Our walks have changed dramatically.  We used to be able to even see people or dogs, now he ignores people, ignores children, and even ignores dogs if we walk around them (he watches them for about 15 seconds while we walk around them but then looks forward again).  He does still react negatively if someone comes up on him abruptly like a jogger and doesn’t give us space because he thinks he is going to be hurt – not sure what to do about that yet but we will have to work on some conditioning of that.  He also does not attack the door when UPS drops of packages and is quicker to accept people in the house.  He even went to one of our regular guests on his own and asked to be pet by her when usually he doesn’t want anyone but family to touch him.  We will continue to work with having people in the house because that is one of our biggest problems that limits his life and our life.  We don’t like locking him up and he doesn’t like it either.  Once he is tired from a walk, he does VERY well strangers walking around as long as they aren’t small children being unpredictable.

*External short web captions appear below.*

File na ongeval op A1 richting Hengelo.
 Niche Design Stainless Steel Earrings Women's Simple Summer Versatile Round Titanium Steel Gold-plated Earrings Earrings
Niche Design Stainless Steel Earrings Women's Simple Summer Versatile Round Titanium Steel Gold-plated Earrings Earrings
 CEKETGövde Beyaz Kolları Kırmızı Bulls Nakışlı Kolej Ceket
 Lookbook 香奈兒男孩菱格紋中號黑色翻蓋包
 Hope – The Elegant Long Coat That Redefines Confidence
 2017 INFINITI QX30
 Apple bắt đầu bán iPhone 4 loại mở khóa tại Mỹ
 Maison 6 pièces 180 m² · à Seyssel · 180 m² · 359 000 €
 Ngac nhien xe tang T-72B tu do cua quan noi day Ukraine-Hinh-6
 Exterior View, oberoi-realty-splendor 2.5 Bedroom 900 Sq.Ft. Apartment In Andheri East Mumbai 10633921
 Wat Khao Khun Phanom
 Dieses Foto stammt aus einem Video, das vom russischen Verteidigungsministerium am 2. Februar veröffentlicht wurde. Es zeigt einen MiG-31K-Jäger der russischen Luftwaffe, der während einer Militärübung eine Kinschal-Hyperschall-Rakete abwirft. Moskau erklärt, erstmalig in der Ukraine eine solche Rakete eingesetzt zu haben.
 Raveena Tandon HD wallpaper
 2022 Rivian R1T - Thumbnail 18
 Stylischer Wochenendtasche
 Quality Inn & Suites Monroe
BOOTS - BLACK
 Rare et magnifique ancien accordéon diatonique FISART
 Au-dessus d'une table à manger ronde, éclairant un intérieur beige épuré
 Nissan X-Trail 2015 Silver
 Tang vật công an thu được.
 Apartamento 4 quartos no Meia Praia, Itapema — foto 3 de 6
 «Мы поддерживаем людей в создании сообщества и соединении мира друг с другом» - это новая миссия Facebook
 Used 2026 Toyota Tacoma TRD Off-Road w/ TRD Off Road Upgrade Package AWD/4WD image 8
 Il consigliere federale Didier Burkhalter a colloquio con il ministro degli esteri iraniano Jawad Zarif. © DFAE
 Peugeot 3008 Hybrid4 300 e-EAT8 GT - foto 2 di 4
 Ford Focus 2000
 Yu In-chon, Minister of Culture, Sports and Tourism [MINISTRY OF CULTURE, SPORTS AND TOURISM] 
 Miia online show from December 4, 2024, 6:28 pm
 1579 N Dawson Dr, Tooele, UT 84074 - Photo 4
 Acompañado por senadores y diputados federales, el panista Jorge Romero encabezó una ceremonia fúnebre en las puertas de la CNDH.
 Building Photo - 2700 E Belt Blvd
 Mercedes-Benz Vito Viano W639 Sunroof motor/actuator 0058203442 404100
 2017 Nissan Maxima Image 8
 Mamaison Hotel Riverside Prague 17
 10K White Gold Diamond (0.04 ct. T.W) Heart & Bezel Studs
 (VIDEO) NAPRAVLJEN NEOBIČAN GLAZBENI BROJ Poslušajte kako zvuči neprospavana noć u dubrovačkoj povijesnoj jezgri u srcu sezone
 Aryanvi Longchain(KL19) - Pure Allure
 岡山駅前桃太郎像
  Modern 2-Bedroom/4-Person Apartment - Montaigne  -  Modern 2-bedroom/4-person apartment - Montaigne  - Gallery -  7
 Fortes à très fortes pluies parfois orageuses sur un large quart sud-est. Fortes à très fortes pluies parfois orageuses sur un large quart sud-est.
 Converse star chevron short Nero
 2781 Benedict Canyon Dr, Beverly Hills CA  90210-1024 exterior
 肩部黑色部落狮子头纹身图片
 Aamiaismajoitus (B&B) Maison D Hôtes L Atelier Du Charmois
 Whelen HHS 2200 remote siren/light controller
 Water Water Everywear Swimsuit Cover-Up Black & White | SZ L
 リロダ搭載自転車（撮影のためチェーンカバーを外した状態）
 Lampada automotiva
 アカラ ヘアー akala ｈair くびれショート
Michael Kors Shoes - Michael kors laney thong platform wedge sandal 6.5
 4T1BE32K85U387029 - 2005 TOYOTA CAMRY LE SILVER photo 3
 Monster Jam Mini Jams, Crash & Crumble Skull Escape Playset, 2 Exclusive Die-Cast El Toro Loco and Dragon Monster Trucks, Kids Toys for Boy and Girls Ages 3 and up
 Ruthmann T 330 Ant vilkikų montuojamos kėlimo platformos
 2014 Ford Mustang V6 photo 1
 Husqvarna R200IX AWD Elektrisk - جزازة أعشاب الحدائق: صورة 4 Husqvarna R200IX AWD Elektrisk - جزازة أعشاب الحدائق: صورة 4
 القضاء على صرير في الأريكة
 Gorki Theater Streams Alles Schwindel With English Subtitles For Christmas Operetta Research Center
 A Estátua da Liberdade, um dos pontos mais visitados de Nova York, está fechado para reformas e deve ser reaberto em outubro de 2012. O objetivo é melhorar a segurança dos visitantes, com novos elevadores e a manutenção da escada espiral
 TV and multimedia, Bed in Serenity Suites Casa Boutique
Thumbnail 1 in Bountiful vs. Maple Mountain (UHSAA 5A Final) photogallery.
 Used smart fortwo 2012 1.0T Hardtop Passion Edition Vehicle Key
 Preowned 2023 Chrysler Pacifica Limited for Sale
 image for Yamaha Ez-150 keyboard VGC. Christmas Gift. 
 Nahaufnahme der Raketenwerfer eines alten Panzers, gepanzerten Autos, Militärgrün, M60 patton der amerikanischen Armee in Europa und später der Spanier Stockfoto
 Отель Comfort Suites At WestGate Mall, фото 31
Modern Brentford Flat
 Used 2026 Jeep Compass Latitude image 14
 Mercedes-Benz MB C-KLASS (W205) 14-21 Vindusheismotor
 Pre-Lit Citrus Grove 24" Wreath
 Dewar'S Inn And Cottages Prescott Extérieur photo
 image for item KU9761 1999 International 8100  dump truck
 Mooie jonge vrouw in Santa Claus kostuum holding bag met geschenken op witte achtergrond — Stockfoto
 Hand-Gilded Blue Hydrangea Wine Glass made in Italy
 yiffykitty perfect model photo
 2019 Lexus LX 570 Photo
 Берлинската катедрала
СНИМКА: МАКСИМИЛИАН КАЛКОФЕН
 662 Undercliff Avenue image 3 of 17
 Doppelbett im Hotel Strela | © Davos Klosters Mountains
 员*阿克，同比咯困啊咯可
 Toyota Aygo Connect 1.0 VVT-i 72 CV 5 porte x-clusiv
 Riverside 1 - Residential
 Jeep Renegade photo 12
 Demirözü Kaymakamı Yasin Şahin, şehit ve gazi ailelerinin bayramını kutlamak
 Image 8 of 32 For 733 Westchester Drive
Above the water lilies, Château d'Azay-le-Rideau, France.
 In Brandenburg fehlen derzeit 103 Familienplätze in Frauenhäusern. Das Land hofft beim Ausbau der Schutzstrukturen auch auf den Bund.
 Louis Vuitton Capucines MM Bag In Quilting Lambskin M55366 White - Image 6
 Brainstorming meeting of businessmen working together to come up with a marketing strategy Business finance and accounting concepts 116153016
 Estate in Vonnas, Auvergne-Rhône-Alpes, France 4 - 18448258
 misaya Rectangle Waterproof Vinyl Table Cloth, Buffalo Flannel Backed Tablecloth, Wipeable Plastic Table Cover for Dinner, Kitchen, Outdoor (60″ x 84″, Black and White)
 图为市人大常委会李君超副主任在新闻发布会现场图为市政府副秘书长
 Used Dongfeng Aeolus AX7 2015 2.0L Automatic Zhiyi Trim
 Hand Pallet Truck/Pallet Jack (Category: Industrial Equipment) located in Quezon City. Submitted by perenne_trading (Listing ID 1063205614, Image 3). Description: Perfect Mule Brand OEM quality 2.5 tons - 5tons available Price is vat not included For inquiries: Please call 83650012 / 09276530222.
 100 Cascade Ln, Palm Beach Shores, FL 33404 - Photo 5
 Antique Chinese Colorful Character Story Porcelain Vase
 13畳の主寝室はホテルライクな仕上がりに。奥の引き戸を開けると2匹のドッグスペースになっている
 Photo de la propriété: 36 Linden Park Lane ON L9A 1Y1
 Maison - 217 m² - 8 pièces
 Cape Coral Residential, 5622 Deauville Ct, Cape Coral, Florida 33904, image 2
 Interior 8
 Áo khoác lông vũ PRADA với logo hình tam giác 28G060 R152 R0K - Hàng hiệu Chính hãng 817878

I also really want to work on getting him together with other dogs but I need to find a trainer who will do that with me.  We may use the E-Collar for that and consider Sit Means Sit for that again since it worked for that in the past.  However, I need to make sure I keep his trust so that is why I hesitate a little.  He is also listening better with our cat.  If she shows herself, he knows he is not allowed to go near her and will listen to me to get away – if I am not there, that is a different story – which is why he stays crated when I am not home.

That is our update for now, sorry for any typos or crazy sentences – too lazy to proof read 🙂  I will keep you all updated.

 

Fear Aggression Rehabilitation Continues

26 Aug

August 26, 2014

 

Whiskey is now a year and 8 months.  He has more confidence and thankfully that has helped him.  It is such a challenge to have both a people and dog fear aggressive animal.  We have had to put his dog fear aggression on hold for the most part because making him safe around people is much more important than making him safe around other dogs although we use our methods in both instances we have more control of people behavior, they usually don’t go to the end of a leash and start lunging at him as we walk by so that is probably another reason why we have had more success in that area.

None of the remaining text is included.